Profimusiker mögen ja oft keine Dirigenten, die sich vor allem um die große Linie eines
Werks kümmern und dabei womöglich die historischen Hintergründe dieser oder jener
kompositorischen Eigenheit noch langatmig erklären wollen. Dagegen verehren sie
Maestri, die in den Proben konzentriert an den Details arbeiten, ohne viele Worte, aber mit
einer kenntnisreichen Aufmerksamkeit, die jede kleinste Ungenauigkeit aus dem Tuttiklang
sofort heraushört. Genau so einer ist Ivan Fischer.

Die größte Vorfreude aber verbindet sich zu diesem Saisonbeginn mit dem Start der Ära
Tugan Sokhiev beim Deutschen Symphonie-Orchester. Schon bei der ersten Begegnung
des 1977 geborenen Osseten mit dem DSO 2003 hatte es gefunkt, bei den folgenden
Gastauftritten wurde das Publikum vom Energiefluss zwischen dem Dirigenten und den
Musikern geradezu elektrisiert. Dennoch musste Orchesterdirektor Alexander Steinbeis
lange um den allseits begehrten Maestro buhlen. Seine gestisch so souveräne, frühreife
Dirigiertechnik, die er beim St. Petersburger Altmeister Ilya Musin gelernt hat, war auch
im Rahmen des Musikfests am 7. September wieder zu bewundern. Nur wollte der Funke
diesmal nicht recht überspringen, weder bei Strawinskys verzopfter Pulcinella -Suite noch
bei Rachmaninows klangprächtig veredelter dritter Sinfonie.

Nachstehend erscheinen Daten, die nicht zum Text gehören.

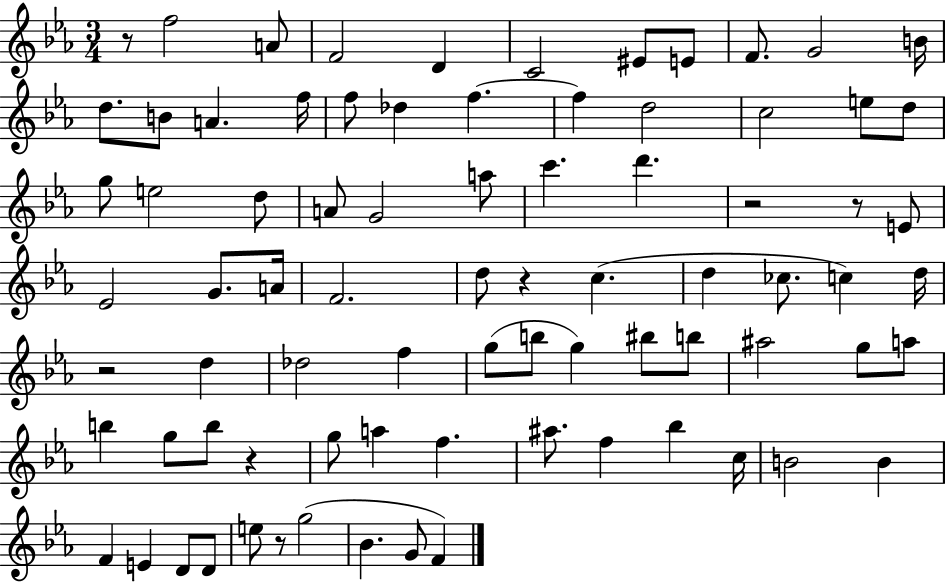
R/e F5/h A4/e F4/h D4/q C4/h EIS4/e E4/e F4/e. G4/h B4/s D5/e. B4/e A4/q. F5/s F5/e Db5/q F5/q. F5/q D5/h C5/h E5/e D5/e G5/e E5/h D5/e A4/e G4/h A5/e C6/q. D6/q. R/h R/e E4/e Eb4/h G4/e. A4/s F4/h. D5/e R/q C5/q. D5/q CES5/e. C5/q D5/s R/h D5/q Db5/h F5/q G5/e B5/e G5/q BIS5/e B5/e A#5/h G5/e A5/e B5/q G5/e B5/e R/q G5/e A5/q F5/q. A#5/e. F5/q Bb5/q C5/s B4/h B4/q F4/q E4/q D4/e D4/e E5/e R/e G5/h Bb4/q. G4/e F4/q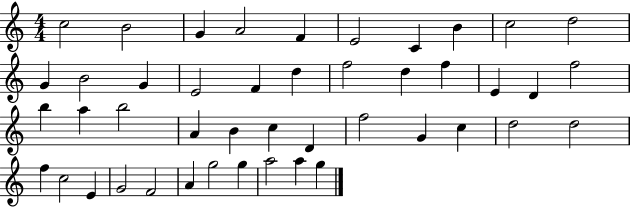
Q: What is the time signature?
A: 4/4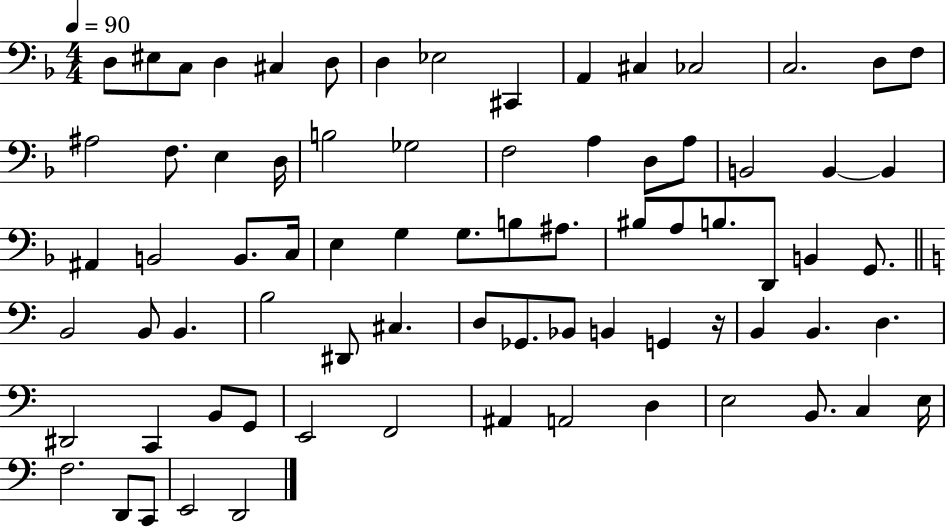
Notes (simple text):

D3/e EIS3/e C3/e D3/q C#3/q D3/e D3/q Eb3/h C#2/q A2/q C#3/q CES3/h C3/h. D3/e F3/e A#3/h F3/e. E3/q D3/s B3/h Gb3/h F3/h A3/q D3/e A3/e B2/h B2/q B2/q A#2/q B2/h B2/e. C3/s E3/q G3/q G3/e. B3/e A#3/e. BIS3/e A3/e B3/e. D2/e B2/q G2/e. B2/h B2/e B2/q. B3/h D#2/e C#3/q. D3/e Gb2/e. Bb2/e B2/q G2/q R/s B2/q B2/q. D3/q. D#2/h C2/q B2/e G2/e E2/h F2/h A#2/q A2/h D3/q E3/h B2/e. C3/q E3/s F3/h. D2/e C2/e E2/h D2/h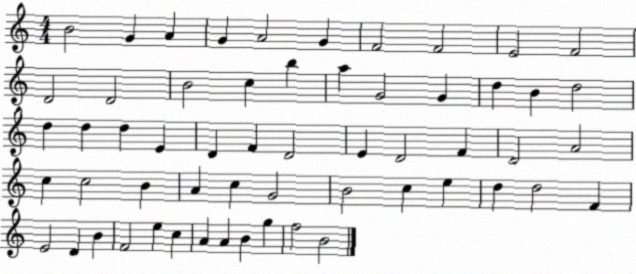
X:1
T:Untitled
M:4/4
L:1/4
K:C
B2 G A G A2 G F2 F2 E2 F2 D2 D2 B2 c b a G2 G d B d2 d d d E D F D2 E D2 F D2 A2 c c2 B A c G2 B2 c e d d2 F E2 D B F2 e c A A B g f2 B2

Vielleicht lag es am ungeschickt gestrickten Programm, vielleicht an der übersteigerten


Erwartung. Noch jedenfalls besteht kein Grund, daran zu zweifeln, dass Tugan Sokhiev
nach dem kühlen Analytiker Kent Nagano und dem geistreichen Gedankenspieler
Ingo Metzmacher genau der Richtige ist, um das Potenzial des DSO voll auszureizen,
den silbrigen, durchhörbaren Klang, den freien Geist der Musiker und ihre stilistische
Vielseitigkeit. Die Lust, beim Musizieren mit dem jungen Russen abzuheben, beflügelt von
seiner Emphase, war jedenfalls an diesem Abend in der Philharmonie unüberhörbar. Die
beste Voraussetzung, damit große Kunst entsteht.